- [What to do]
Leave out the pictures and retype, exactly, the lines below from the line with "Scenic Sunset Over" up to and including the line with "An illustration from", nothing more.

[Opening Supplied information section]

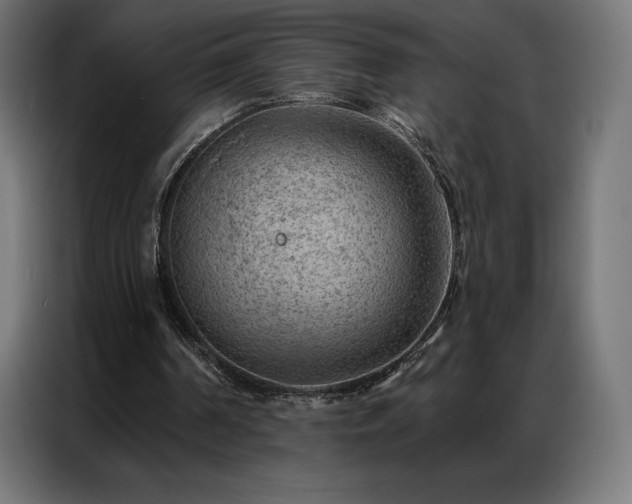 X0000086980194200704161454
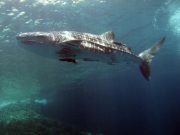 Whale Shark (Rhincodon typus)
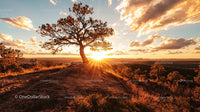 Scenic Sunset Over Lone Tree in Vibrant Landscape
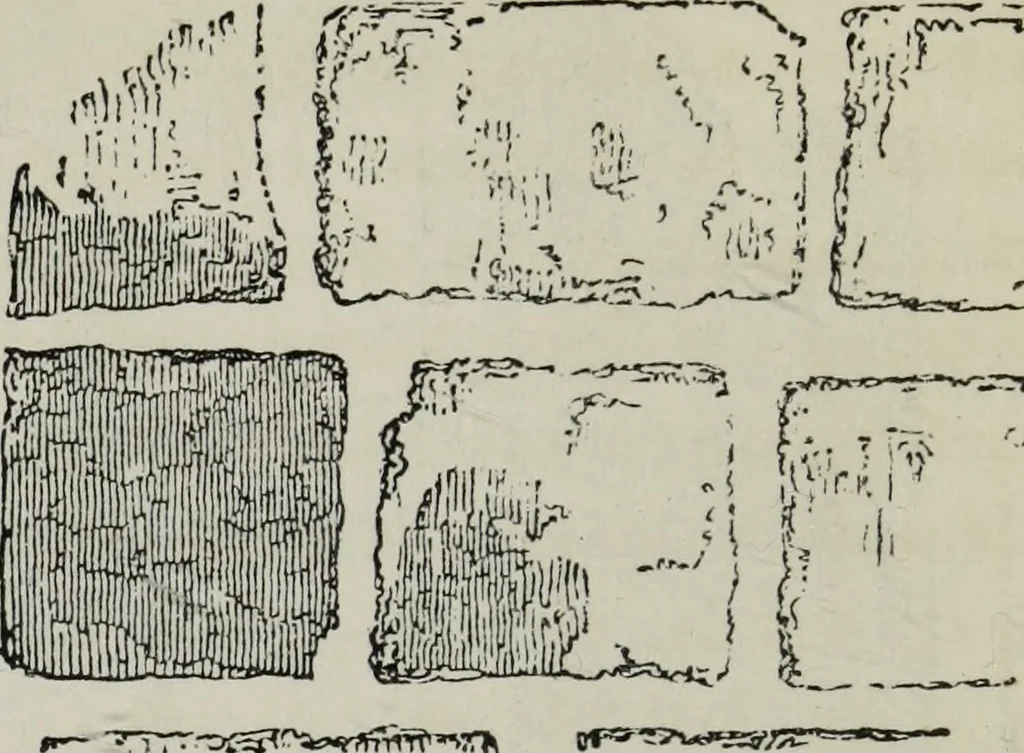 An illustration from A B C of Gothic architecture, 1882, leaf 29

[Closing Supplied information section]
[Opening Supplied information section]

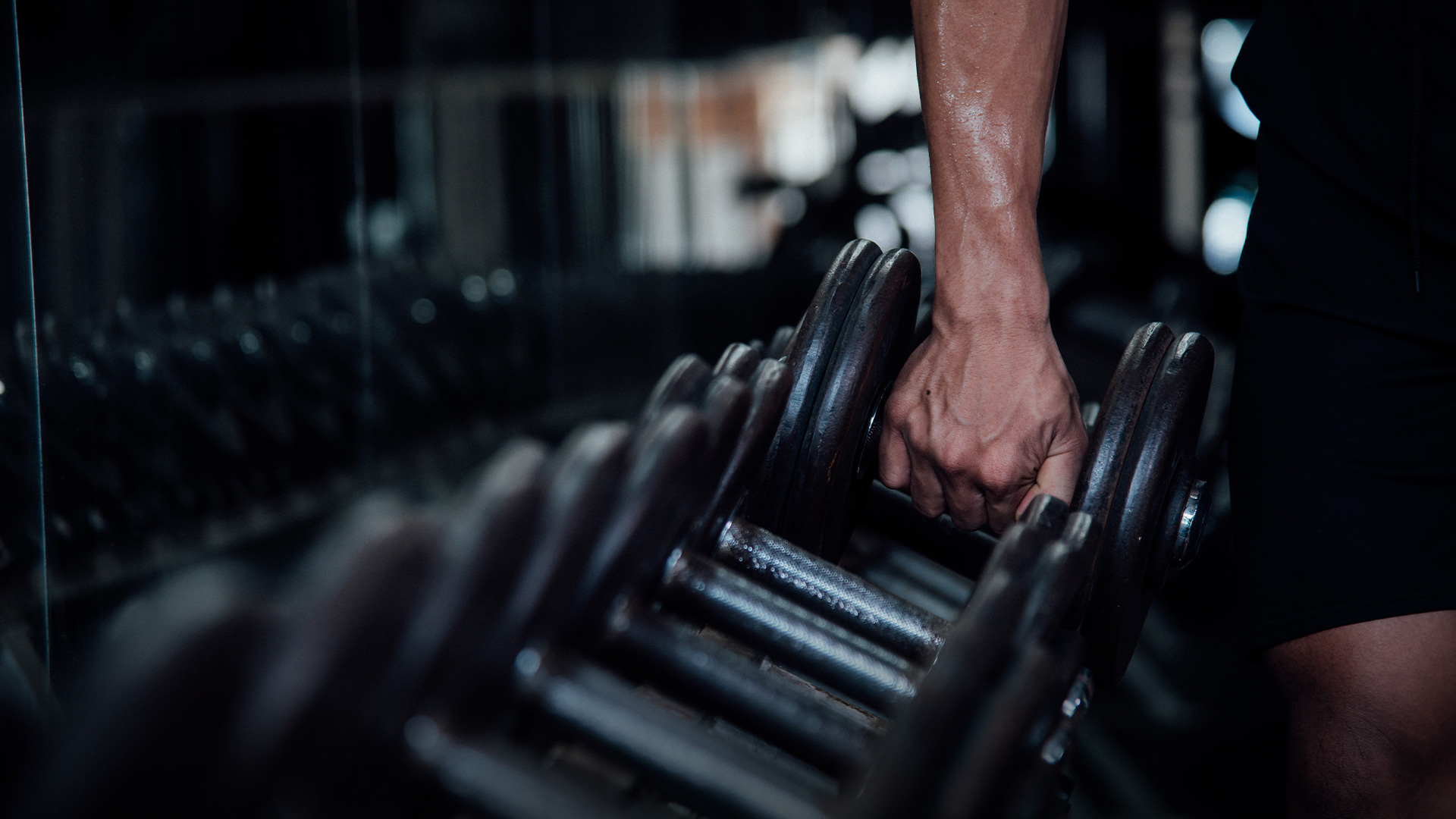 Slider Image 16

[Closing Supplied information section]

- [Expected output]
 Scenic Sunset Over Lone Tree in Vibrant Landscape
 An illustration from A B C of Gothic architecture, 1882, leaf 29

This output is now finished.